Auch die Reduzierung von Kita und Hortbeiträgen und die Fachkräftesicherung in Kitas kann Familien helfen Sorgearbeit fairer zu verteilen und das Familienleben mit dem Berufsleben zu vereinbaren (siehe Koalitionsvertrag 3.1.). Uns fehlen hier allerdings die Anerkennung von unbezahlter Sorgearbeit, kostenlose Kinderbetreuung und Verpflegung in Kitas und Horts.
Im Bereich der Bildung sind Verbesserungen in der Jugend- und Demokratiebildung vorgesehen, allerdings sind keine Maßnahmen zur gendersensiblen Jugendarbeit oder die Einrichtung einer Fachstelle für queere Jugendarbeit geplant. Solche Einrichtungen und Bildungsangebote sind aber notwendig, um Antifeminismus, Sexismus und Queerfeindlichkeit in der Jugend vorzubeugen und so dem wachsenden Rechtsruck entgegenzuwirken.
Die Bestrebungen Lohngerechtigkeit herzustellen in dem die Lohnlücken zwischen Männern und Frauen sowie Ost und West verringert werden sollen, die Erhöhung des Mindestlohns, Verbesserungen von Renten und die Tariftreueregelung für die Vergabe öffentlicher Aufträge als Ziele der Koalition unterstützen wir (siehe Zeilen 353 ff., 1271 ff., 1507 ff., 2225 ff.).

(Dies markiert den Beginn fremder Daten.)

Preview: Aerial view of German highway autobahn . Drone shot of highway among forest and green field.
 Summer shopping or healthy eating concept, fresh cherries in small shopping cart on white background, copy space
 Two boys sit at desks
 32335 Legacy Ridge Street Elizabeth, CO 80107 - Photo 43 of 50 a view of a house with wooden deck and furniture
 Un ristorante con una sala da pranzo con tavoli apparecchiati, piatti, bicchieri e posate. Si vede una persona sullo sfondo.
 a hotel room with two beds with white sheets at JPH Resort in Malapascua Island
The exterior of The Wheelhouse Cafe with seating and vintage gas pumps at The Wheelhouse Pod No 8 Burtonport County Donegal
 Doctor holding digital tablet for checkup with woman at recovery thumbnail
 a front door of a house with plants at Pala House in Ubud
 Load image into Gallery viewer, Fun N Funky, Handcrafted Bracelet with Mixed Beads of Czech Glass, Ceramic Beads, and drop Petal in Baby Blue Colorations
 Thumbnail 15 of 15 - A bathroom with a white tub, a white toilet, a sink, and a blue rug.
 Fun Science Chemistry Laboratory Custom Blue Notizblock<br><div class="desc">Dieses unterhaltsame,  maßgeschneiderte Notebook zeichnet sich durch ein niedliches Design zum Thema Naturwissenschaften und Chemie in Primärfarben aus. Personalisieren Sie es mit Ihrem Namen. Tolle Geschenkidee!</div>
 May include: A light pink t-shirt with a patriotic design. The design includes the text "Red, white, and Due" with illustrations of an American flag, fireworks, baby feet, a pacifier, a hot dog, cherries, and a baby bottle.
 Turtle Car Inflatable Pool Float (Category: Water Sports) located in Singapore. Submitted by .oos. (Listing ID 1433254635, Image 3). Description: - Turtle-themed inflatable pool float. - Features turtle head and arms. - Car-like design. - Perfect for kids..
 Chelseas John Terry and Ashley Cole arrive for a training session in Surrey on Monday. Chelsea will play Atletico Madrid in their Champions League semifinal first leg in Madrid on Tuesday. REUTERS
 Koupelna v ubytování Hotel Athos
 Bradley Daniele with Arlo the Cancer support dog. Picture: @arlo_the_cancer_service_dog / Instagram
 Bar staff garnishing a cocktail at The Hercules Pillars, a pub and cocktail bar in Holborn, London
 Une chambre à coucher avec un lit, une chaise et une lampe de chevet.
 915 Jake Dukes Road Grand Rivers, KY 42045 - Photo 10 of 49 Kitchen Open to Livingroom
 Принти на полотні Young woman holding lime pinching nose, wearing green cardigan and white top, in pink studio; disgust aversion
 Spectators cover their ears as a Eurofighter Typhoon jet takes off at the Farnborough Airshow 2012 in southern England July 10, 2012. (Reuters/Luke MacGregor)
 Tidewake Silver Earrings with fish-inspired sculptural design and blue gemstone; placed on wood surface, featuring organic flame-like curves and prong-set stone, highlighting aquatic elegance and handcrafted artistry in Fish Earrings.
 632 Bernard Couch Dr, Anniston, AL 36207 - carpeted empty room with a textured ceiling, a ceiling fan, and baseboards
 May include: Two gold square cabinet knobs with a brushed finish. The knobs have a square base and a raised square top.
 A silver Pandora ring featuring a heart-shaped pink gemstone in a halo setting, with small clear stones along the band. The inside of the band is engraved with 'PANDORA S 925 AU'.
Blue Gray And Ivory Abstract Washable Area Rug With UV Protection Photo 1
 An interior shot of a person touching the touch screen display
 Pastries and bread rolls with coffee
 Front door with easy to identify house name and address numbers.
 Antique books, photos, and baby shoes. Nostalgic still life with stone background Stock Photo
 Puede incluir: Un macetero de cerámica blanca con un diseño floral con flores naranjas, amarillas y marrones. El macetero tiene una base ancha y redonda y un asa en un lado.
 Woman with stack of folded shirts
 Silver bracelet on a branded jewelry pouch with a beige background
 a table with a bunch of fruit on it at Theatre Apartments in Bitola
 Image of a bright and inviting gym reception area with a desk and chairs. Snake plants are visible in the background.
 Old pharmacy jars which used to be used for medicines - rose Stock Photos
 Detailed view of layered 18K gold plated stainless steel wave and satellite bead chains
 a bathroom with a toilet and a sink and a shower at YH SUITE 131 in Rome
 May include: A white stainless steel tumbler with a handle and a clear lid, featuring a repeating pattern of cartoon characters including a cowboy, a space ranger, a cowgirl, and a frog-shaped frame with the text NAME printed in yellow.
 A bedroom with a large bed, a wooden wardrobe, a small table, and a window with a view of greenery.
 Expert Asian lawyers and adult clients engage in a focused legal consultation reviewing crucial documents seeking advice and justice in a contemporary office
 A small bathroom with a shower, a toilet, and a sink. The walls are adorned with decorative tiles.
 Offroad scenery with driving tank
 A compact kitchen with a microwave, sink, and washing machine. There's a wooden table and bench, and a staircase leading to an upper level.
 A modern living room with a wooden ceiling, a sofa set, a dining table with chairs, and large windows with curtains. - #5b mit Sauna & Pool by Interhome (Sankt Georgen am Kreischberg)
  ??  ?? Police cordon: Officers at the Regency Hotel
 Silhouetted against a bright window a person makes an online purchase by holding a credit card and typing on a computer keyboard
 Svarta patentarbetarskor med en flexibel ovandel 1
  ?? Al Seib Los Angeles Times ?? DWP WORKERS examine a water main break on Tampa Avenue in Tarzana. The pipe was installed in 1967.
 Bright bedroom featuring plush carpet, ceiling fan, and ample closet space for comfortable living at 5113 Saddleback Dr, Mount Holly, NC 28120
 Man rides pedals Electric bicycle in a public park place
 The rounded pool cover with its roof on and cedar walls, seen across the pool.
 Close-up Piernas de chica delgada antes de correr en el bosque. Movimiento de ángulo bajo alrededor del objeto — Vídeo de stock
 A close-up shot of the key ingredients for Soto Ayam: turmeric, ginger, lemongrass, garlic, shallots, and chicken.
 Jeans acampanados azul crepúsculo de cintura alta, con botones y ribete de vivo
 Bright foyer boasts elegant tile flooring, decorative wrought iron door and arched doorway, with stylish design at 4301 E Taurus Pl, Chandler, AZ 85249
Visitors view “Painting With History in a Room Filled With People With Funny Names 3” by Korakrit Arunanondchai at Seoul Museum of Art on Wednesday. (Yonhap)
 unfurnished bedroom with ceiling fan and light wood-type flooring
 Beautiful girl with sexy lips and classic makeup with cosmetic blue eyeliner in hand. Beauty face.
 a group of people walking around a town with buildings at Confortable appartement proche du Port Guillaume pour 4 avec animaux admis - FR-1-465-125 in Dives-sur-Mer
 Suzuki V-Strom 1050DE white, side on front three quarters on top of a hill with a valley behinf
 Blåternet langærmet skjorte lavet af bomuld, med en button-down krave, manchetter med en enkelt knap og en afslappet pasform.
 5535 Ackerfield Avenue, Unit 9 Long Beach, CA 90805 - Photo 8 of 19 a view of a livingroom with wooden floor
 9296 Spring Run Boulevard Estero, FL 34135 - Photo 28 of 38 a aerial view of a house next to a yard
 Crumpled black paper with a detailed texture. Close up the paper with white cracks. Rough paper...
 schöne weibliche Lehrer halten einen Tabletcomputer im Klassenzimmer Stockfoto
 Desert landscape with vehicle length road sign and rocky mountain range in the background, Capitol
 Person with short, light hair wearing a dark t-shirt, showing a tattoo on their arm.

Trotzdem gibt es klare Verbessrungsmöglichkeiten in diesem Bereich, zum Beispiel durch gendergerechte Finanzplanung wie Gender Budgeting.
Leider mussten wir feststellen, dass der Koalitionsvertrag große Lücken im Bereich der Gleichstellung und Frauenpolitik aufweist. Von fast 80 Forderungen sind nicht mal 20 ganz oder teilweise im Koalitionsvertrag wiederzufinden. Im Koalitionsvertrag 2019 wurde der Frauenpolitische Rat Land Brandenburg e.V. noch namentlich genannt als zentraler Akteur im Bereich Frauenrechte und Gleichberechtigung – dies ist nun nicht mehr der Fall. Wir appellieren an die Regierungsparteien unsere Forderungen trotzdem umzusetzen, denn es gilt weiterhin: Lieber gleichberechtigt als später!